On this ride.

🙈
I was diagnosed at the end of last year. Been suffering for roughly a year now. 
Some days I feel like surely I haven't got it. That I am just somehow not experiencing anything. Because I have a good day. 
But then I go to make love with my partner of 3+ years and find myself pushing him off. I can't bare it this time. It hurts too much. Feeling guilty. Feeling frustrated. Feeling alone. 
I recover. I have a good day. I second guess my diagnoses again. "What if I'm just being dramatic. What if it's all just in my head."
But then I wake up the next morning after 10 hours sleep and feel lethargic with a thumping headache. I go to work with sharp pain in my abdomen and cramping. I'm walking around running errands and out of nowhere sharp pain shoots across my back and down my leg. For the rest of the day it is cramping. Just to remind me that it's still with me. I keep my game face on though. I was bought up in a tough family. No one goes to the doctors unless they're at deaths door. We maybe entitled to sick days but we don't take them because weakness is something we don't publicly show. 
Too soon I forget the pain all over again. How sever it is. I take advantage of my good days. Again thinking that I'll be fine. 

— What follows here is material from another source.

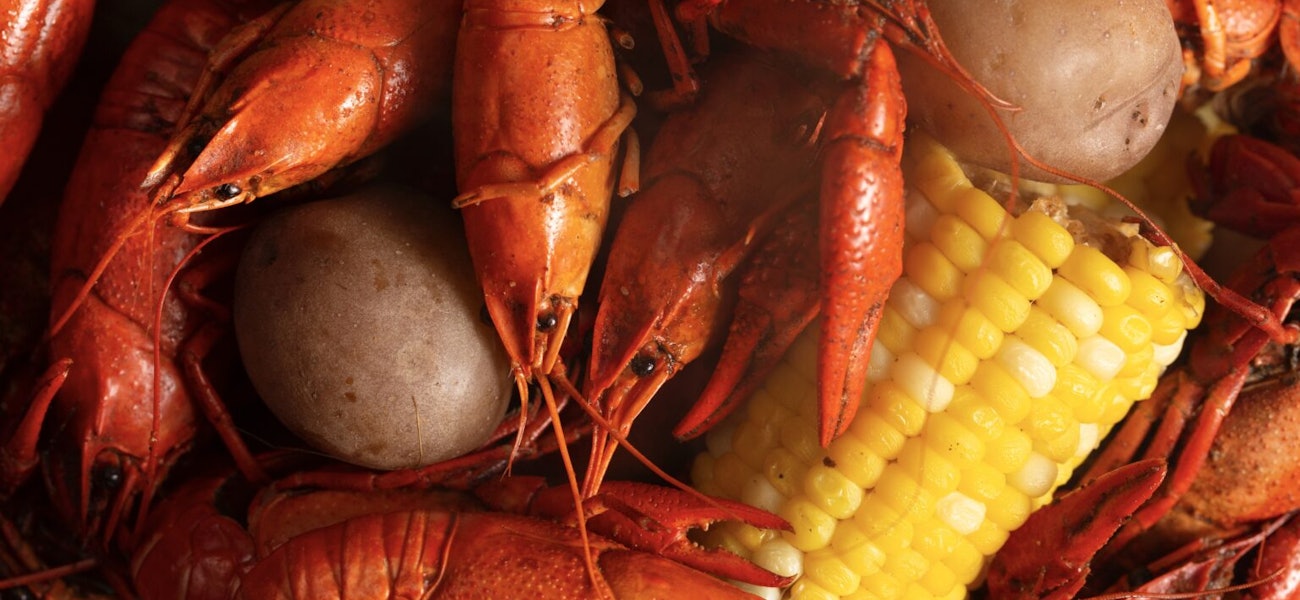 Spring 2025 crawfish outlook: How will last week’s winter storm affect ...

Then I miss my period for two months. Hope shines through. I go to the supermarket early in the morning and buy a couple of tests (because I can't dare to be seen by those who might know me. Word spreads quick in a small town.) I go home. Take the test. My heart breaks. My dreams shatter for another month. My disease shows its ugly face again. I can bare the pain. I can cope with tiredness. But this hurts the most. I'm not a materialistic woman. I just want a family. I feel envious, and sometimes anger towards other women I see who don't fully appreciate the beautiful family they have. This part of my disease is something that affects my partner. That isn't fair. He loves me unconditionally but I see the pain in his eyes when he sees me in pain and doesn't know what to do or say to make it all better. It tears him apart. 
I don't know why me. I am the only one out of the four siblings who wants children. Now it looks like I'm the only one out of the four who can't have children. 
Endometriosis had no known cause. There's no known cure. I have to come to accept my disease. But I WON'T let it infect my positive mindset. I appreciate the good days. I'm entitled to my bad days and have a cry, everyone needs a good sook now and then. It gets it out of my system to feel refreshed for whenever the good days come again. I live for the perfect little moments and strive to be my best in the worst.